§ Excerpted records
######
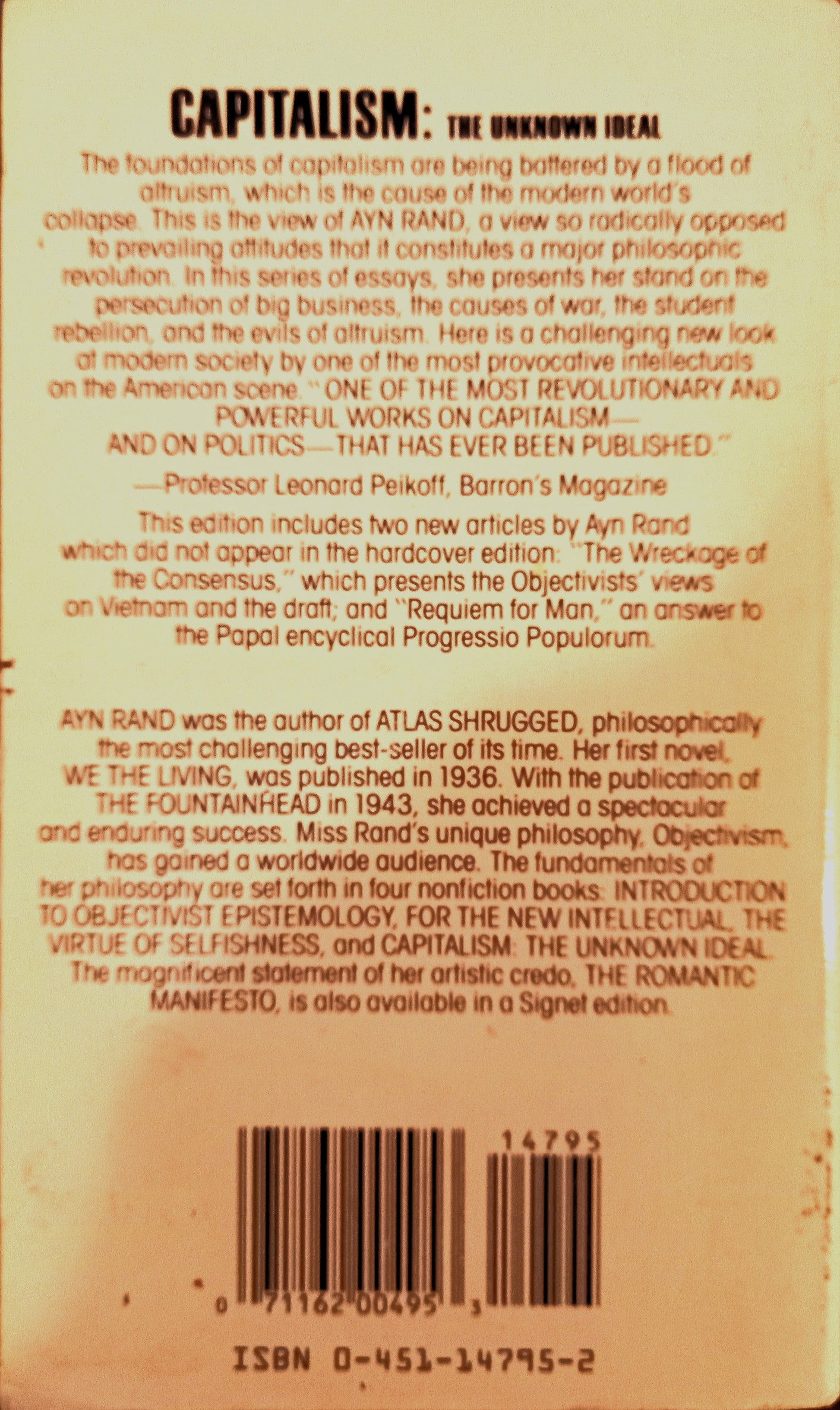 Book back cover of the book 'Capitalism: The Unknown Ideal' by Ayn Rand, featuring ISBN number, barcode, title, synopsis and author Ayn Rand writer biography.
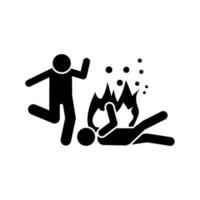 Man, help, fire vector icon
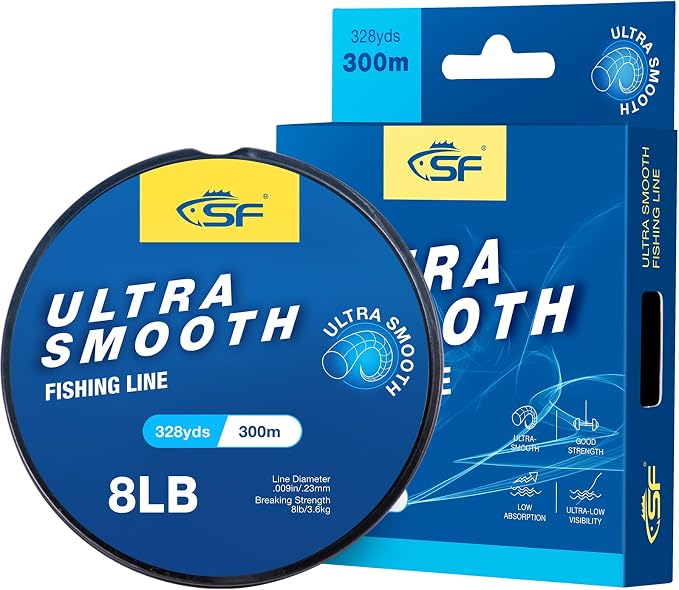 SF Ultra Smooth Monofilament Mono Fishing Line with Spool Mono String Nylon Invisible Line Clear 2 4 6 8 10 12 14 17 20 20LB Fishing Wire Freshwater Saltwater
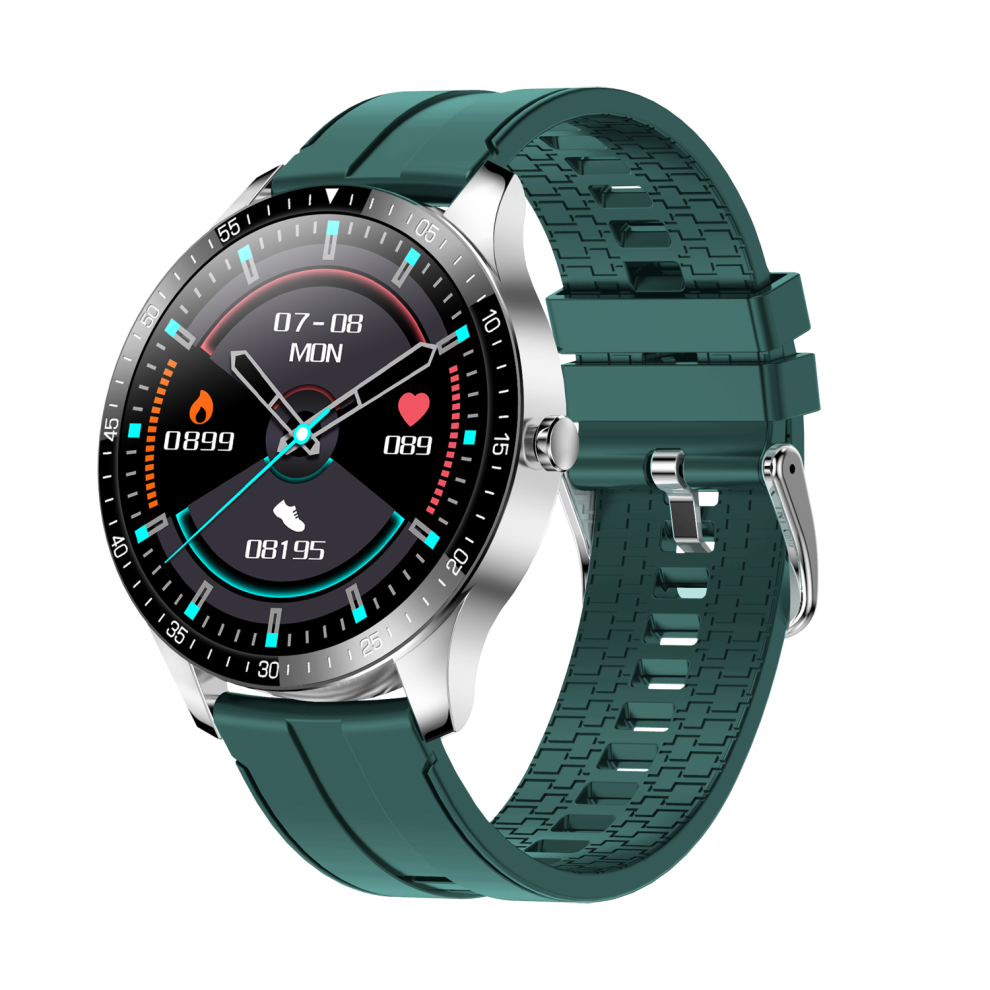(-Silicone) Bluetooth 5.0 Full Touch Hd Screen Heart Rate Blood Pressure Monitor 30 Days Standby Multiple Watch Face Ip68 Waterproof Ultra-Thin S Green 9495687798738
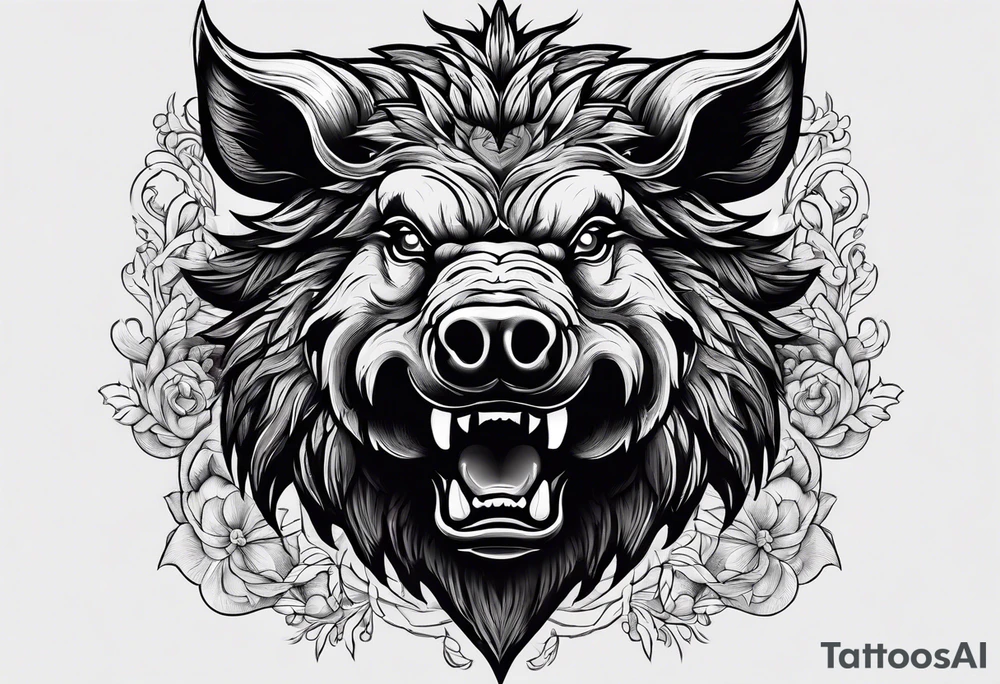 angry boar front tattoo idea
######
With pictures left out, repeat exactly the lines from the line bearing "(-Silicone) Bluetooth 5.0" through the final line of the records above.

§ Written answer
(-Silicone) Bluetooth 5.0 Full Touch Hd Screen Heart Rate Blood Pressure Monitor 30 Days Standby Multiple Watch Face Ip68 Waterproof Ultra-Thin S Green 9495687798738
 angry boar front tattoo idea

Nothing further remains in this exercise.